== Segment start ==

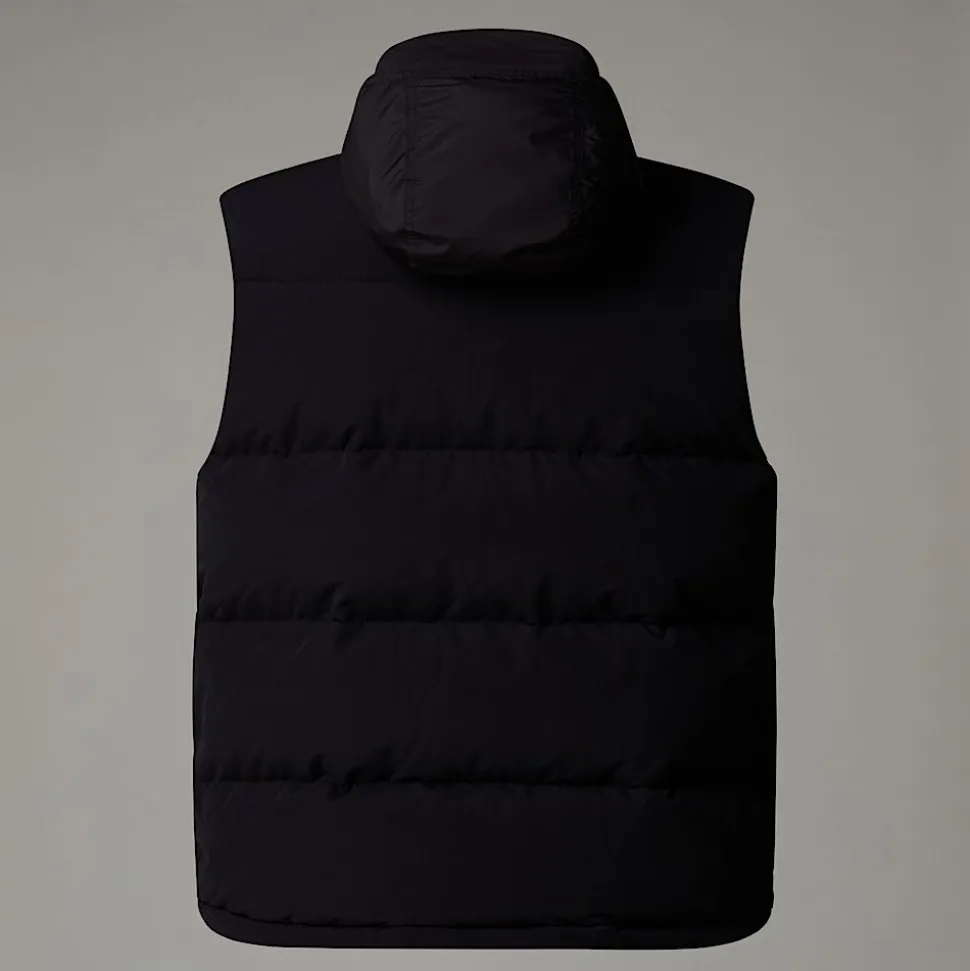 The North Face Męski Bezrękawnik Puchowy M66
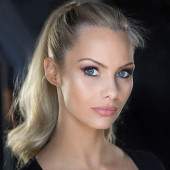 Jessica-jane Clement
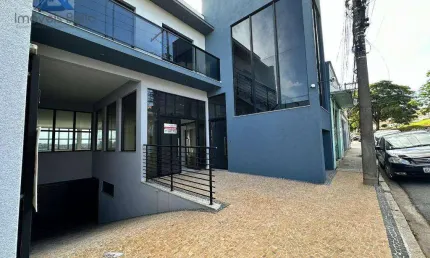 Prédio para alugar, 492 m² por R$ 15.550,00/mês - Centro - Itatiba/SP
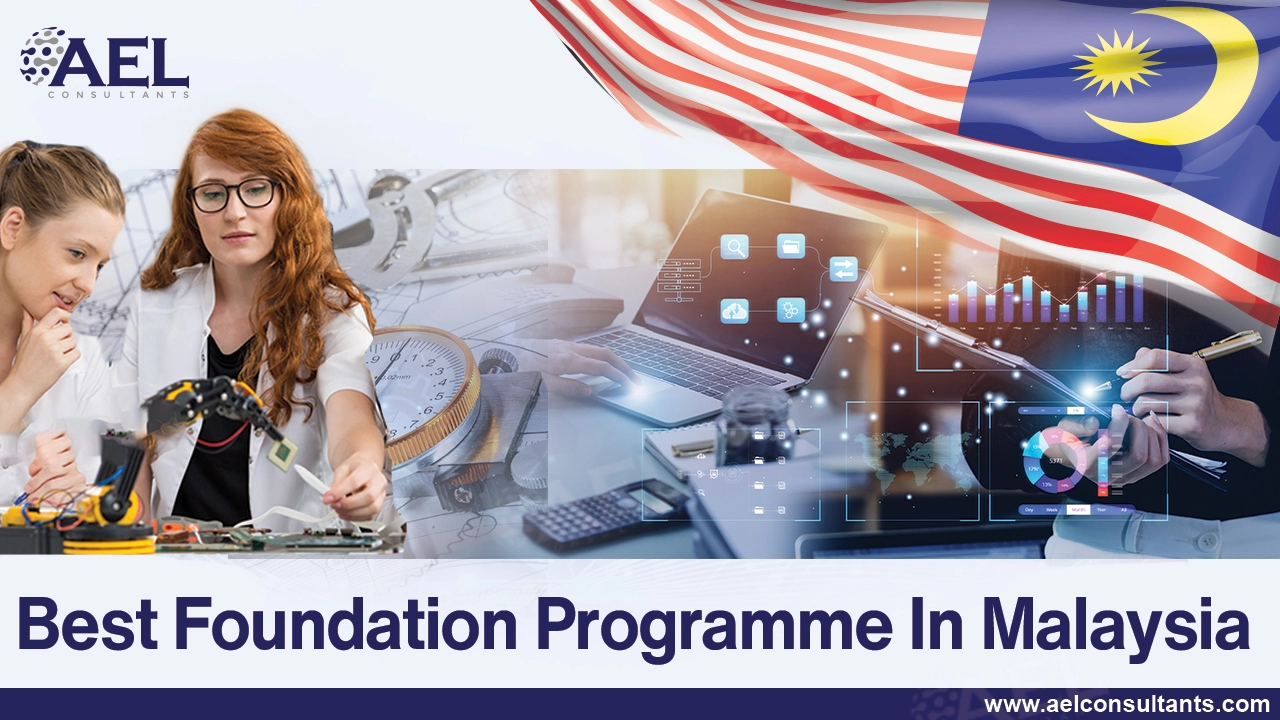 Best Foundation Programme In Malaysia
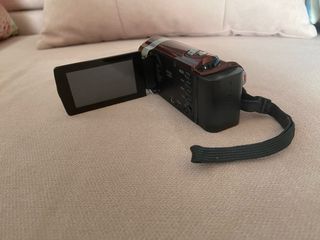 Cámara de vídeo JVC Everio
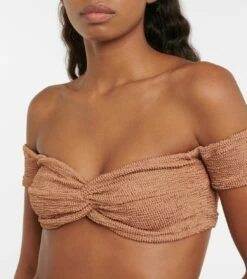 Bikini Brigette -Mytheresa Verkaufs-Shop P00765801 d1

== Segment end ==

Directions for this task:
Starting with the line that holds "Best Foundation Programme In Malaysia", transcribe exactly each line through the last one of the material above, and nothing else. Do not include pictures.

Response area:
 Best Foundation Programme In Malaysia
 Cámara de vídeo JVC Everio
 Bikini Brigette -Mytheresa Verkaufs-Shop P00765801 d1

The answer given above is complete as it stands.